Yring: bounded SPSC ring with ypipe-style batched flush

Extracted [0] from omq.rs into its own crate: a bounded SPSC ring buffer that uses the ypipe batching trick from ZeroMQ.

The key: instead of two atomics per item (one on push, one on pop), you batch writes and do one Release store on flush, one Acquire load on prefetch. Under load this amortizes synchronization cost to near zero.

Three pointers: head (consumer), tail (producer, non-atomic), flush (the only shared state). Push and pop are zero-atomic operations. One atomic per batch on each side.

Perf: 760M items/s between threads (u64, batch of 256, capacity 1024), measured in a Linux VM on an old Mac mini from 2018.

In omq.rs, using yring for cross-thread inproc delivery pushed throughput from ~3M msg/s to ~16M msg/s.

let (mut producer, mut consumer) = yring::spsc(1024);

for i in 0..100 {
    producer.push(i).unwrap();
}
producer.flush(); // one Release store

consumer.prefetch(); // one Acquire load
while let Some(val) = consumer.pop() {
    // process val
}

[0] crates.io: Rust Package Registry

this is an interesting alternative to bip buffer. I've used bbqueue, a rust bip buffer implementation, for a proxy-like program. I'll take a look at yring later.

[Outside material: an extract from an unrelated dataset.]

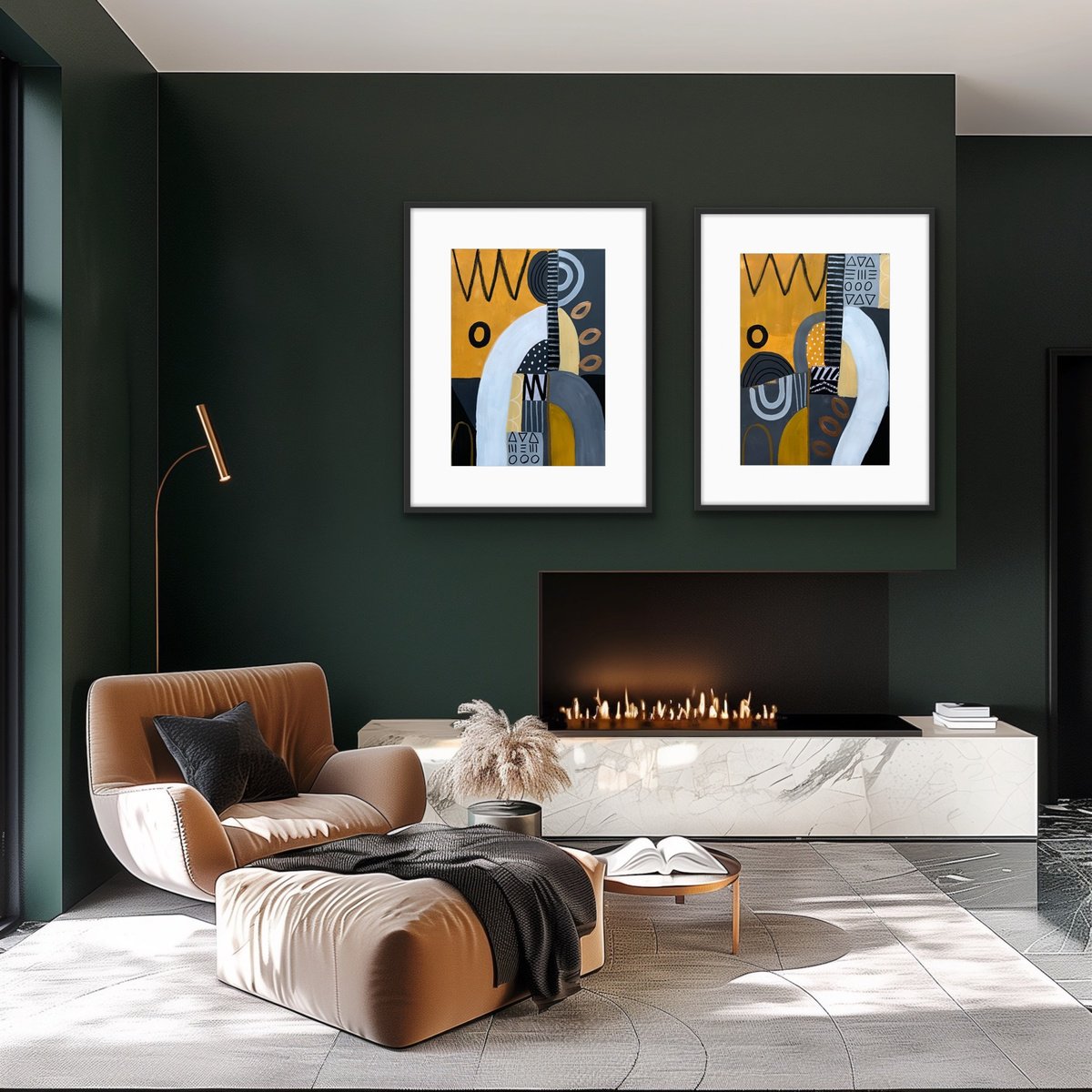 Organic Abstract Acrylic Painting By Rashna Hackett, 15 X 21", Usher The Sunset, Original Artwork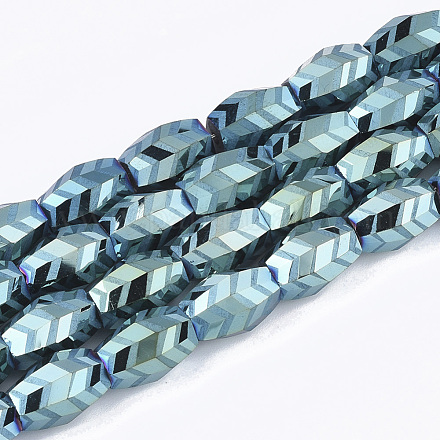 Chapelets de perles en verre électroplaqué EGLA-T018-02-B01-1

guessing from the posted sample snippet, I suppose yring is only message based, it doesn't support unstructured data, i.e. arbitrary byte streams, right? (well, I can use u8 as the message type, but I'm talking about a buffer api that allows the producer to perform in-place algorithms). but still this is a good to have library in the toolbox.

It's generic over any T: Send items, so not message-specific. It's slot-based, not a byte-stream buffer.